** Aim of the exercise **
Everything in the records below is to be reproduced exactly, apart from the images.
___ Supplied data
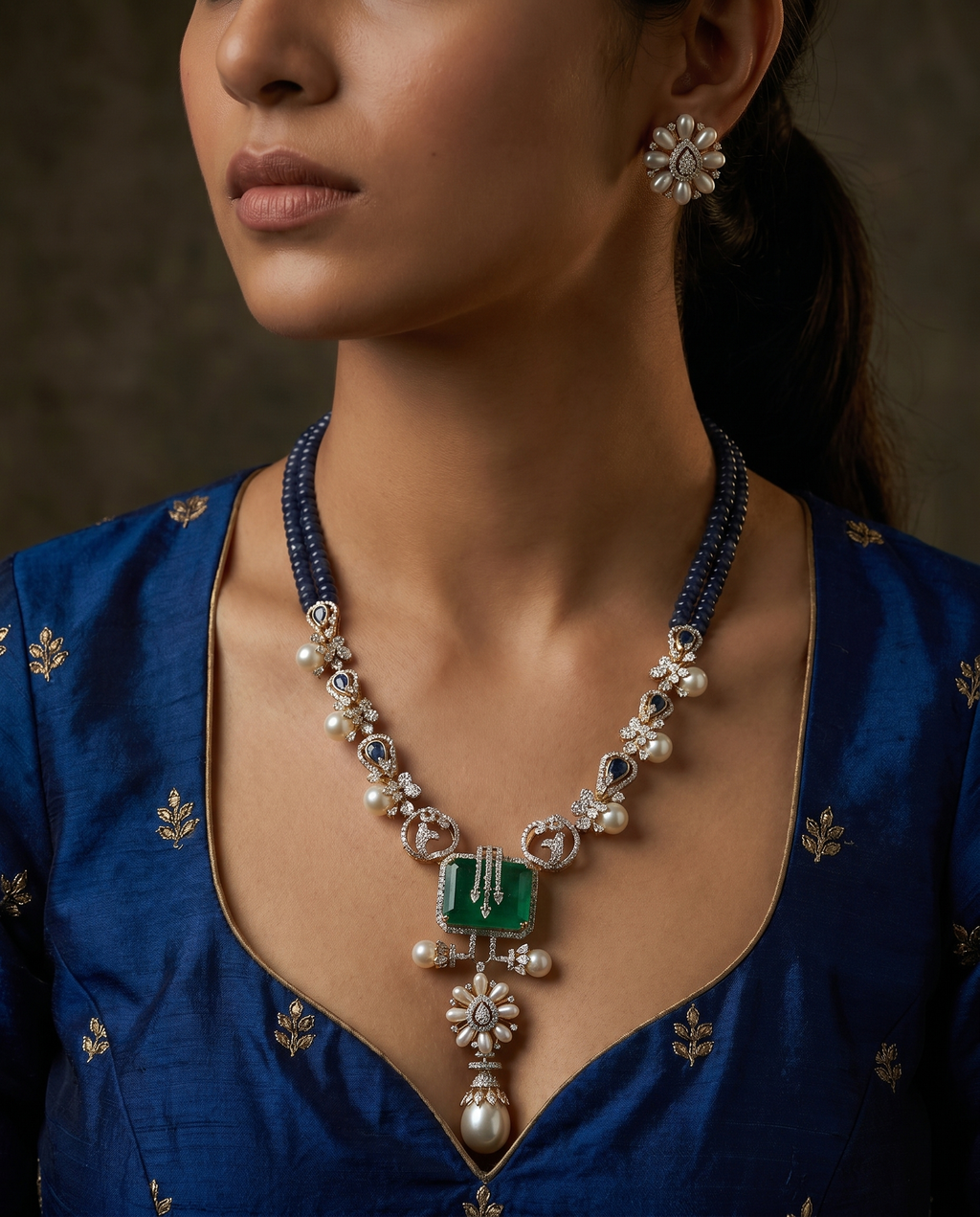 Midnight Blue Bead Royal Pendant Necklace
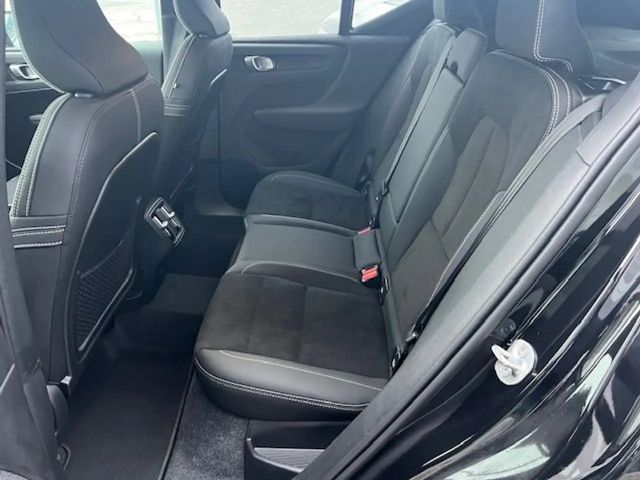 Volvo XC40 Dark Plus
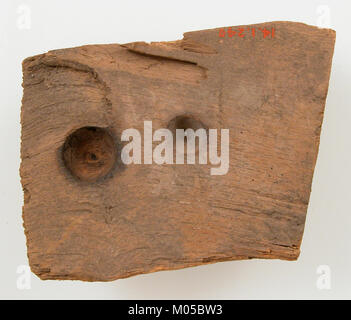 Dieses Fragment der Bogenbohrmaschine, datiert in die Antike, ist ein Werkzeug, das in frühen Feuerlöschtechniken verwendet wird. Es ist Teil einer größeren Sammlung im Metropolitan Museum of Art, die frühe menschliche Einfallsreichtum in Überlebensmethoden zeigt. Stockfoto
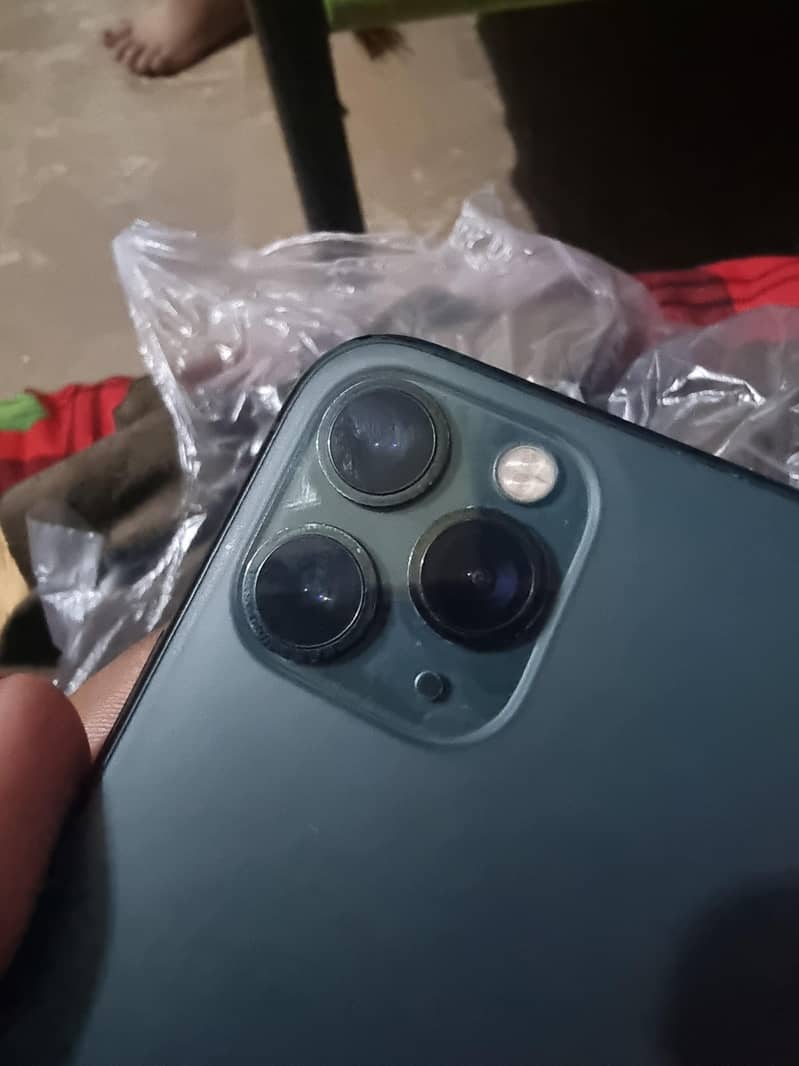 Apple iPhone 11 Pro Max 3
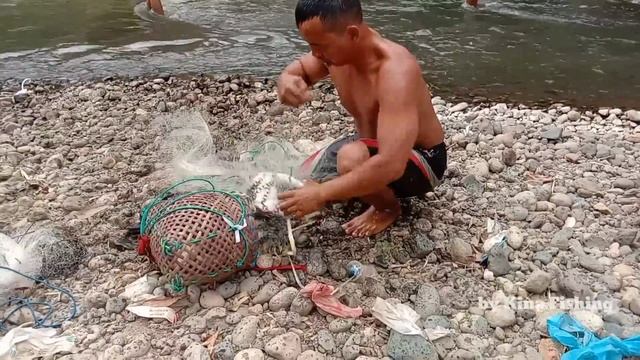 Fishing Net Video - Traditional Net Fishing Village in River With Beautiful Natural (Part 22 ) смотреть онлайн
______
** Output of the exercise **
 Midnight Blue Bead Royal Pendant Necklace
 Volvo XC40 Dark Plus
 Dieses Fragment der Bogenbohrmaschine, datiert in die Antike, ist ein Werkzeug, das in frühen Feuerlöschtechniken verwendet wird. Es ist Teil einer größeren Sammlung im Metropolitan Museum of Art, die frühe menschliche Einfallsreichtum in Überlebensmethoden zeigt. Stockfoto
 Apple iPhone 11 Pro Max 3
 Fishing Net Video - Traditional Net Fishing Village in River With Beautiful Natural (Part 22 ) смотреть онлайн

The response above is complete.